Il y a cinquante ans, le jeune Jean-Paul Wenzel (27ans) écrivait Loin d’Hagondange ; l’histoire d’un couple d’ouvriers, Georges et Marie, retraités des aciéries de cette ville de l’est alors encore sidérurgique. « Une façon de mettre en jeu la parole de ceux qui ne l’ont pas » écrivait Wenzel. Pas simple la vie d’ouvriers retraités. Georges et Marie ont acheté une modeste bicoque dans la campagne, Georges y a installé un atelier où, enfermé, il bricole, Marie ne se fait pas à la campagne. « Je ne te vois plus, tu ne sors plus de l’atelier, je m’ennuie sans toi Georges. Tu ne t’intéresses plus à moi » dit Marie. Georges tombe malade, s’en sort, un beau jour de printemps, c’est Marie qui meurt, un malaise en replantant des rosiers. Georges envoie un télégramme à leur fille.

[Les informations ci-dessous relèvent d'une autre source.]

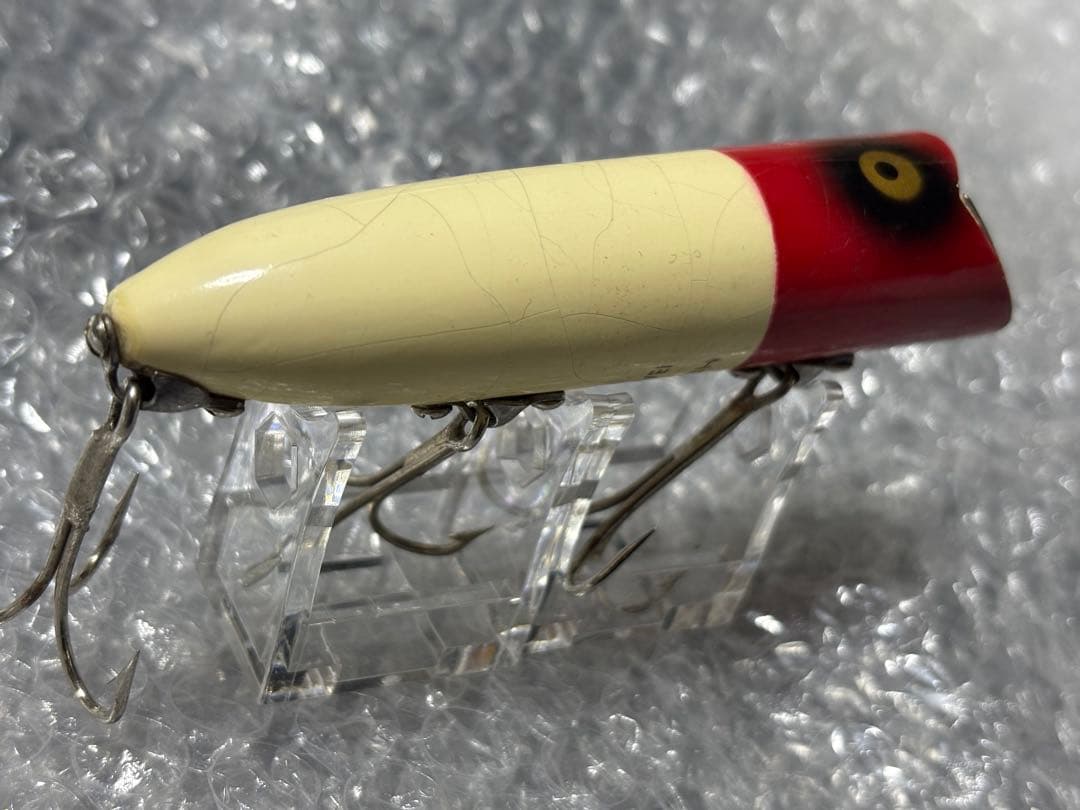 オールドヘドン　バサー　金目　書き目　1950s HEDDON BASSER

Dans une mise en scène de l’auteur, lui-même originaire d’une famille ouvrière de l’est et élève de l’école du TNS, la pièce a été créée en 1975 à Théâtre Ouvert qui avait alors ses entrées au Festival d’Avignon. Patrice Chéreau devait la mettre en scène trois ans plus tard au TNP. Emblématique de ce que l’on allait nommer « le théâtre du quotidien », Loin d’Hagondange allait être traduite en bien des langues et faire le tout du monde.
Vingt cinq ans après, Wenzel écrivait Faire bleu, l’histoire d’André, pré-retraité de 60 ans et de son épouse Lucie, deux ans de moins, « l’action se déroule loin d’Hagondange , dans une petite maison à la campagne », celle où vivaient les parents de Lucie. Le couple a tout refait ou presque. André passe ses nuits à regarder des films. Les enfants sont loin, ils ne sont pas venus pour Noël, ce soir-là André a un malaise. A son retour de l’hôpital, André retrouve Lucie et ses rêves de voyages. Avec le chèque-voyages envoyé par les enfants, le vieux couple rêve d’Afrique , yeux fermés, main das la main.
La pièce a été créée en 2000 à Hérisson, dans l’Allier, le village d’ Olivier Perrier, ce dernier, Jean-Louis Hourdin et Wenzel avaient ouvert aux Ilets le centre dramatique national de Montluçon coproducteur du spectacle.
Vingt cinq ans de plus et c’est aujourd’hui. Wenzel a quitté Paris et s’est installé, loin, très loin d’Hagondange, à Cosne-sur-Loire dans la Nièvre où, réaménageant, un ancien garage aménagé en salle de spectacle, il a créé le Garage théâtre qu’il anime avec sa fille Lou. Chaque année, à la fin août se tient « le festival du Garage théâtre » durant une semaine, dont c’est, présentement, la sixième édition. C’est là qu’au premier soir a été créé le troisième volet de sa trilogie familiale : Au vert !
Retraités à leur tour, Carole et Norbert sont devant la maison dont ils ont hérité et n’est plus habitée depuis six ans, après le décès de la mère de Norbert.
La clef a du mal à ouvrir la porte, pas simple de pénétrer dans le passé familial. Les odeurs de pourriture les suffoquent. « Pas question de garder cette bicoque..trop de fantômes inconciliables » dit Norbert qui cependant n’a rien fait pour la vendre et puis Carole aime la région. Alors, jour après jour, ils s’attardent, reviennent, et finalement, Norbert reste. Devenu un écrivain célèbre, après avoir, de roman en roman, raconté l’histoire de sa famille sur plusieurs générations. Il est en panne d’inspiration, peut-être la retrouvera -t-il ici. Pour l’heure, il s’aménage un bureau. Et petit à petit se replie sur lui-même.
Lassée et délaissée après trente sept ans de vie commune, Carole part vivre en ville, elle reviendra les week-ends. De moins en moins. Norbert peine à retrouver « le déclic », l’inspiration. « Je cherche la poésie, le poème et toujours ressurgit le récit descriptif, autobiographique ».Charlotte leur fille, actrice ou activiste, vient voir son père, elle rêve d’un « collectif ».Elle part,.
Un jour, resté seul face à ses fantômes, Norbert brûle ses anciens écrits et...disparaît. Dans un texte retrouvé par sa fille, il parle de la forêt. « Je me mets au vert » écrit-il. Reviendra-il ?
La pièce mise en scène par l’auteur est magnifiquement interprétée par Gilles David (sociétaire de la Comédie Française et possédant une maison non loin de Cosne-sur-Loire), Camille Grandville et Lou Wenzel.
Le spectacle « Au vert ! » a ouvert le premier soit le festival du Garage théâtre qui s’achèvera ce dimanche. Chaque jour une « surprise » à 19h et un spectacle à 21h.